How a small local food business in western Massachusetts preserved its social mission through transitioning to a worker-owned cooperative and using an innovative ﬁnancing strategy
“We’re re-writing the standard storyline for a successful organic food business,” says Dan Rosenberg, founder of the twelve-year-old Greenfield, Massachusetts company Real Pickles, which makes naturally fermented and raw pickles from regionally-grown vegetables in a 100% solar-powered facility. Instead of selling their growing company to a large industrial food corporation, as happens so often with successful natural products businesses (think: Odwalla, Naked Juice, Tom’s of Maine, Stonyfield, and so on), Rosenberg and his wife Addie Rose Holland (who had joined him in running the business in 2004) went the other direction, deciding to keep Real Pickles small, locally owned, and mission-driven. In late 2012, Rosenberg and Holland formed a worker-owned cooperative with other staff members, and funded the co-op’s purchase of the business through a highly successful community investment campaign that raised a half-million dollars.

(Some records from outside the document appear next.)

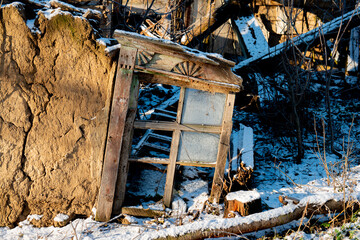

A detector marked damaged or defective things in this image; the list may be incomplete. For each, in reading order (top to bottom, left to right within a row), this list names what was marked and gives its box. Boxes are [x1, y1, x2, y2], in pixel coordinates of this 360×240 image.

broken timber [95, 29, 242, 221]
broken timber [233, 7, 360, 71]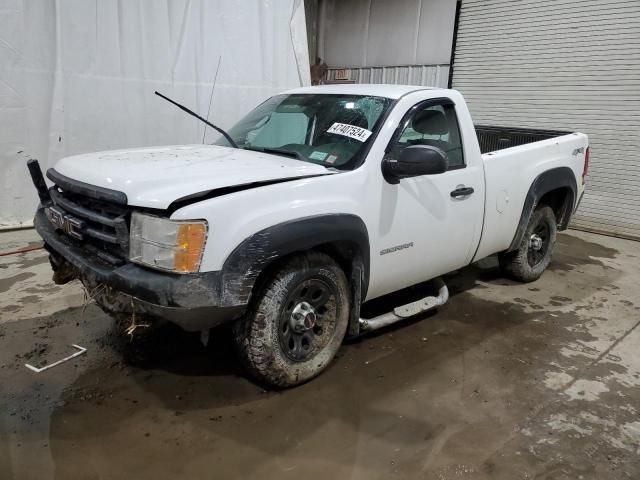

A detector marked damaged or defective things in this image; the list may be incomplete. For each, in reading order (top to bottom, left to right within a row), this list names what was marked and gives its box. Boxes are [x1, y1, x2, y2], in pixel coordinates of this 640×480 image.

damaged front end [26, 161, 245, 334]
crumpled hood [52, 144, 332, 208]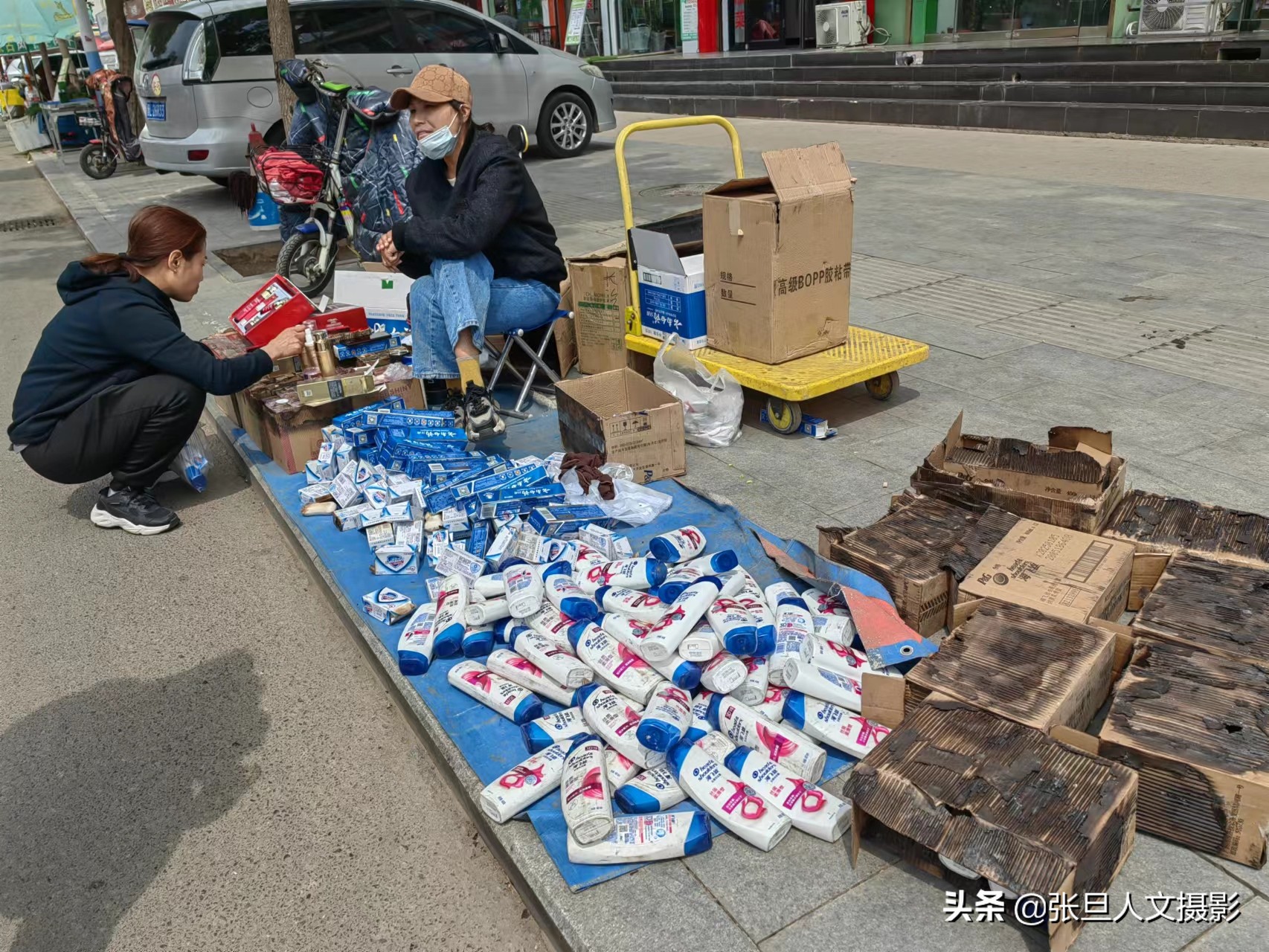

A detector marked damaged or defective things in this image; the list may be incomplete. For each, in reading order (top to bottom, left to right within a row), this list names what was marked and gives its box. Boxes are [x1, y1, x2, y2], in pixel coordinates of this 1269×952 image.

damaged cardboard box [702, 144, 851, 364]
damaged cardboard box [553, 366, 684, 482]
damaged cardboard box [910, 414, 1131, 536]
burned cardboard [910, 414, 1131, 536]
fire-damaged merchandise [910, 414, 1131, 536]
burned cardboard [821, 494, 1000, 637]
damaged cardboard box [821, 494, 1012, 637]
fire-damaged merchandise [821, 494, 1012, 637]
burned cardboard [905, 598, 1113, 732]
fire-damaged merchandise [899, 598, 1119, 732]
damaged cardboard box [899, 598, 1131, 741]
damaged cardboard box [958, 518, 1137, 628]
damaged cardboard box [1101, 491, 1268, 610]
fire-damaged merchandise [1101, 491, 1268, 610]
burned cardboard [1101, 491, 1268, 610]
burned cardboard [1131, 553, 1268, 666]
fire-damaged merchandise [1131, 553, 1268, 666]
damaged cardboard box [1131, 553, 1268, 666]
damaged cardboard box [1095, 640, 1262, 869]
fire-damaged merchandise [1095, 640, 1262, 869]
burned cardboard [1095, 640, 1262, 869]
damaged cardboard box [845, 699, 1137, 952]
fire-damaged merchandise [845, 699, 1137, 952]
burned cardboard [845, 699, 1137, 952]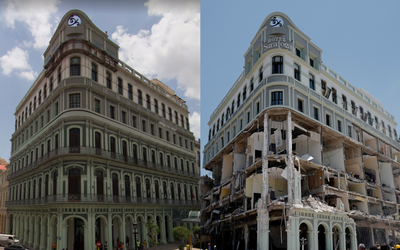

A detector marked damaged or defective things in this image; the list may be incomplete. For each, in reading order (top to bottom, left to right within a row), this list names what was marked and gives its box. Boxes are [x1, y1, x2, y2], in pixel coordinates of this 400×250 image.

damaged facade [202, 12, 400, 250]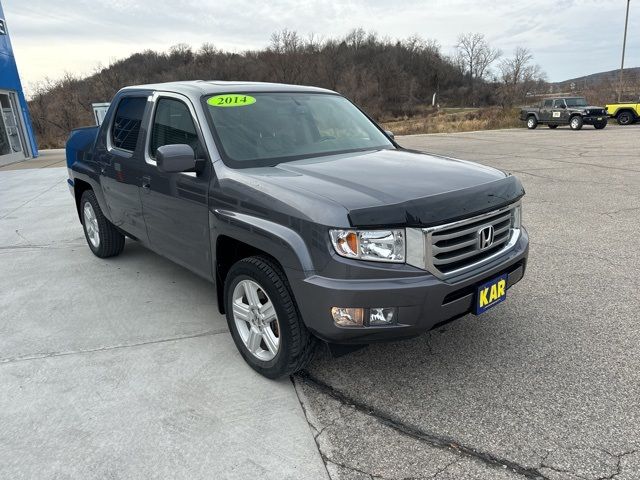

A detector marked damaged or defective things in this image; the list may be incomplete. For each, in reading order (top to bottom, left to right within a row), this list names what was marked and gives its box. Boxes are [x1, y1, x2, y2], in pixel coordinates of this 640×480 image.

crack in pavement [0, 328, 229, 366]
crack in pavement [296, 372, 552, 480]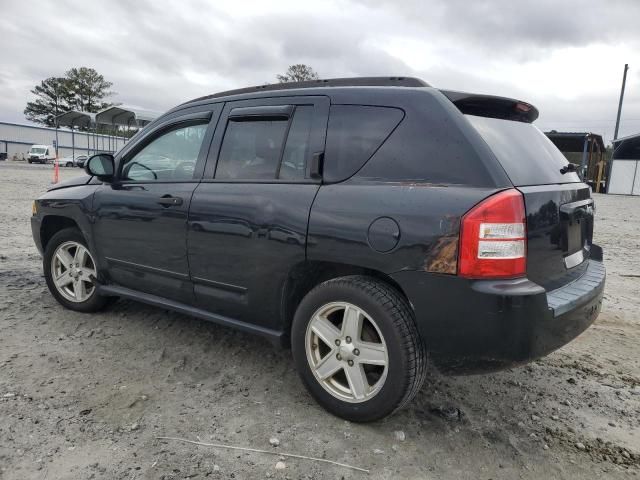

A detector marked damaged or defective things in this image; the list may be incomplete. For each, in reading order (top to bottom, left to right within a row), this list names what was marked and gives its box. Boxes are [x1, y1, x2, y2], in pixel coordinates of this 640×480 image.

rust damage [422, 235, 458, 274]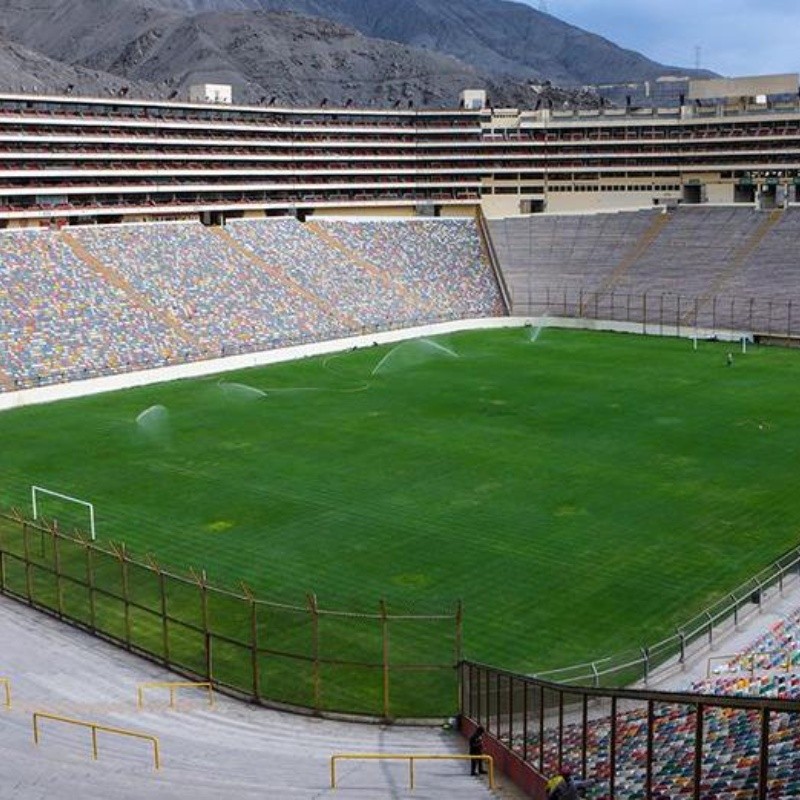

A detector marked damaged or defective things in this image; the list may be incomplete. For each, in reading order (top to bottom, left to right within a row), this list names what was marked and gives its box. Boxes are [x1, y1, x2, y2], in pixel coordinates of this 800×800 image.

rusty metal fence [0, 512, 460, 720]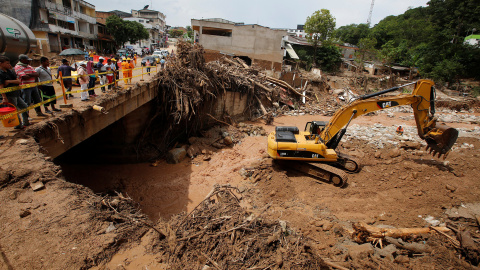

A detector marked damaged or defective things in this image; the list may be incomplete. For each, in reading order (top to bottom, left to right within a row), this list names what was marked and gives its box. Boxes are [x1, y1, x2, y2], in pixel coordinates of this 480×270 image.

damaged building [191, 17, 286, 73]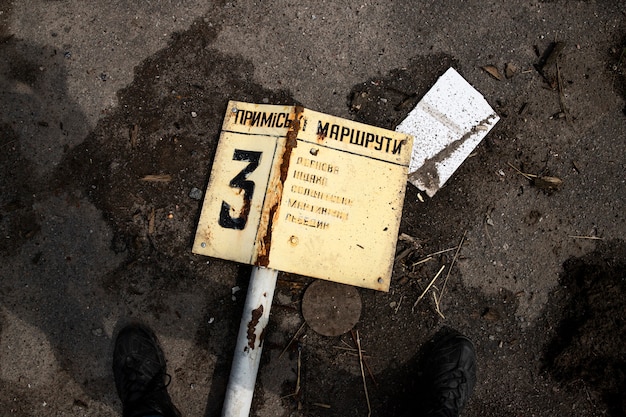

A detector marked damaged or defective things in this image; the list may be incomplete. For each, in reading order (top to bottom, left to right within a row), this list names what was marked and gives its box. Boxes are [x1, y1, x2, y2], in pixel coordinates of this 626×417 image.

rust stain on sign [254, 105, 302, 264]
broken metal sign [193, 101, 412, 290]
rust stain on sign [245, 302, 262, 348]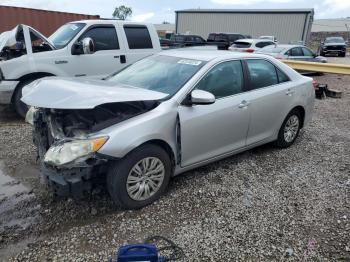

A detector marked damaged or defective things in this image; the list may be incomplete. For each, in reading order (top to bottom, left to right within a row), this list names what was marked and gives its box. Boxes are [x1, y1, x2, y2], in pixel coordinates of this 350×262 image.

rusty shipping container [0, 5, 100, 35]
wrecked white car [0, 21, 161, 117]
damaged hood [21, 77, 169, 109]
damaged car hood [21, 77, 169, 109]
wrecked white car [23, 49, 316, 209]
detached bumper piece [41, 166, 94, 199]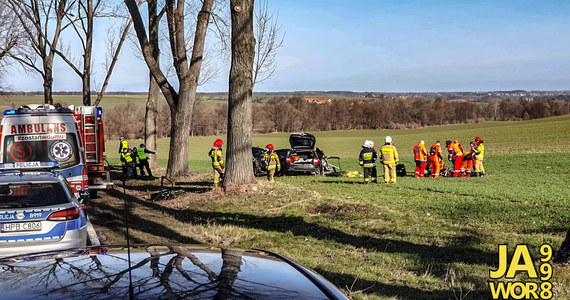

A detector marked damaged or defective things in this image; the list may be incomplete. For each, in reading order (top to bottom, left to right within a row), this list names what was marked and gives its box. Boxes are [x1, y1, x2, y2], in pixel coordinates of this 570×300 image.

crashed car [284, 132, 324, 175]
crashed car [0, 245, 348, 298]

With interest growing in scaling up local food systems, the story of Real Pickles’ co-op transition and community investment campaign offers important lessons. Communities need businesses that can model ways to stay small, vibrant, and locally owned. This story is both inspirational and rich in technical detail so that others can speak about it, replicate it, and, ultimately, build upon it to fit their own visions of resilient local economies.